Appeal from an order of the Family Court of Otsego County (Burns, J.), entered February 16, 2006, which dismissed petitioner’s application, in a proceeding pursuant to Family Ct Act article 10, for modification of a prior order of disposition.

Petitioner, acting pro se, filed a petition seeking to reopen and vacate an October 19, 2004 order of Family Court which was affirmed on her direct appeal (25 AD3d 1027 [2006]). No responsive papers were filed and Family Court summarily dismissed the petition without a hearing, finding that it did not state a cause of action. Petitioner appeals, and we affirm.

To succeed in a collateral challenge to Family Court’s previous order finding that petitioner had neglected her daughter, it was incumbent upon petitioner to demonstrate that her admissions supporting Family Court’s findings were not knowingly made or to otherwise show “good cause” to vacate the order (Family Ct Act § 1051 [f]; § 1061; see Matter of Jeffrey X., 283 AD2d 687, 688 [2001]). To the extent that the petition challenges the sufficiency of the record in the neglect proceeding to support a finding that petitioner made knowing and voluntary admissions of neglect, that issue was previously decided on the direct appeal and cannot be relitigated here (see Hejna v Reilly, 26 AD3d 709, 712 [2006]; Etzel v Etzel, 22 AD3d 906, 908 [2005]).

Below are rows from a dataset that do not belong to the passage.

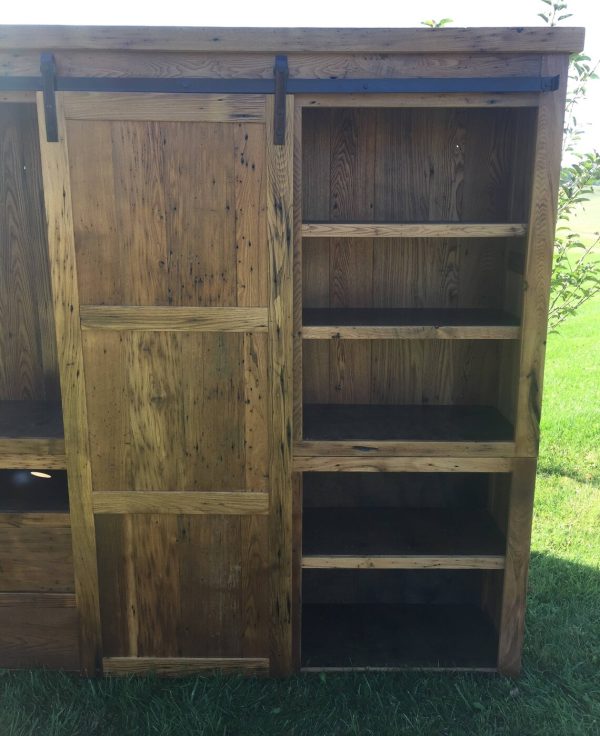 Reclaimed Barnwood Barn Door Entertainment Center - Image 6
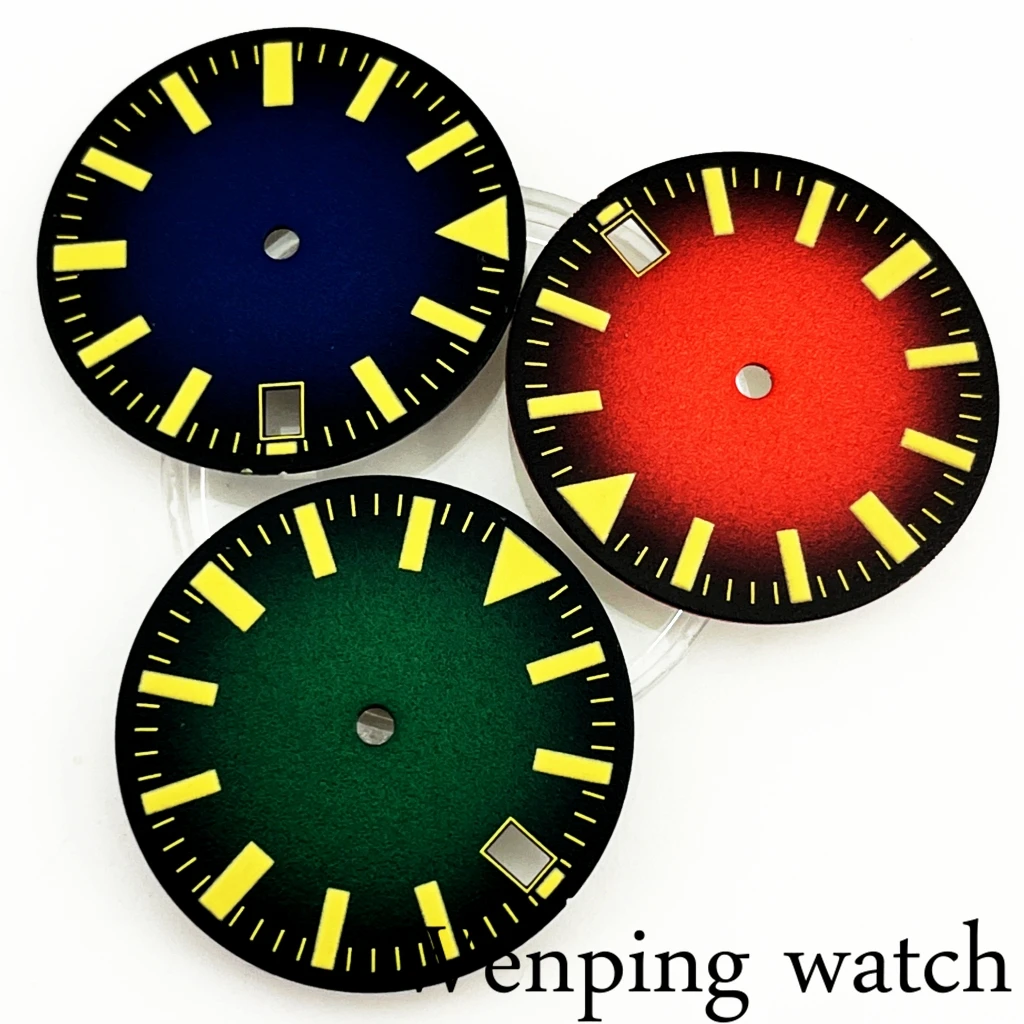 New 28.5mm Sterile Blue/Red/Green/Purple Watch Dial  Luminous Fit NH35 NH36 Automatic Movement Watch Assembly Parts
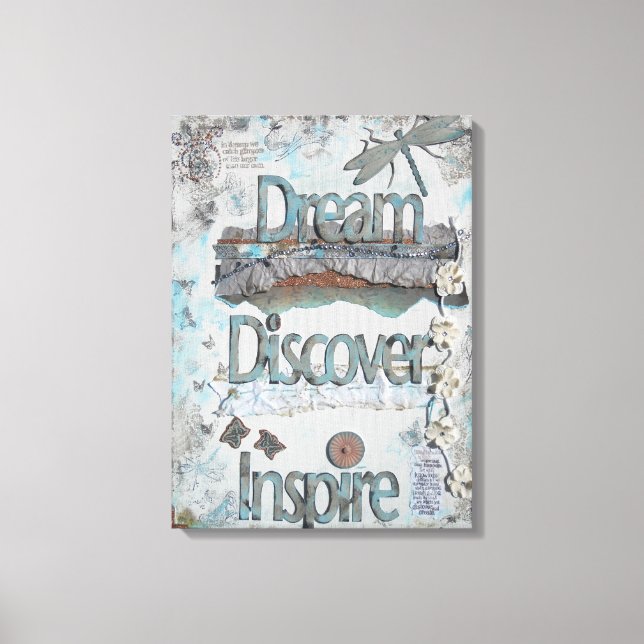 Toile Mixed Media Art Quote Dream  (Recto)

*1142Further, the allegations in this petition which were outside of the record on direct appeal are insufficient to demonstrate good cause to vacate Family Court’s order. One who seeks relief pursuant to Family Ct Act § 1061 “ ‘is not automatically entitled to a hearing, but must make some evidentiary showing sufficient to warrant a hearing’ ” (Matter of Melissa FF., 285 AD2d 682, 683 [2001], quoting Matter of Milhollen v Voelpel, 270 AD2d 422, 423 [2000]). The petition states, without any supporting papers or evidence, that prior to her appearance at the neglect proceeding petitioner was “held against [her] will in a closed courtroom” by her attorney who demanded that she “lie to the court or [her] son would be taken from [her].” This petition— submitted approximately 14 months following the entry of Family Court’s order and containing allegations which are inconsistent with her sworn admission allocution—is insufficient, standing alone, to support vacatur or to trigger a duty by the court to hold an evidentiary hearing (see Matter of Melissa FF., supra at 683-684; see also People v Passino, 25 AD3d 817, 818-819 [2006], lv denied 6 NY3d 816 [2006] [County Court entitled to dismiss criminal defendant’s CPL article 440 motion without an evidentiary hearing where motion was supported only by the defendant’s own affidavit]; People v Woodard, 23 AD3d 771, 772 [2005], lv denied 6 NY3d 782 [2006] [same]; People v Sayles, 17 AD3d 924, 924-925 [2005], lv denied 5 NY3d 794 [2005] [same]).

Cardona, P.J., Carpinello, Rose and Lahtinen, JJ., concur. Ordered that the order is affirmed, without costs.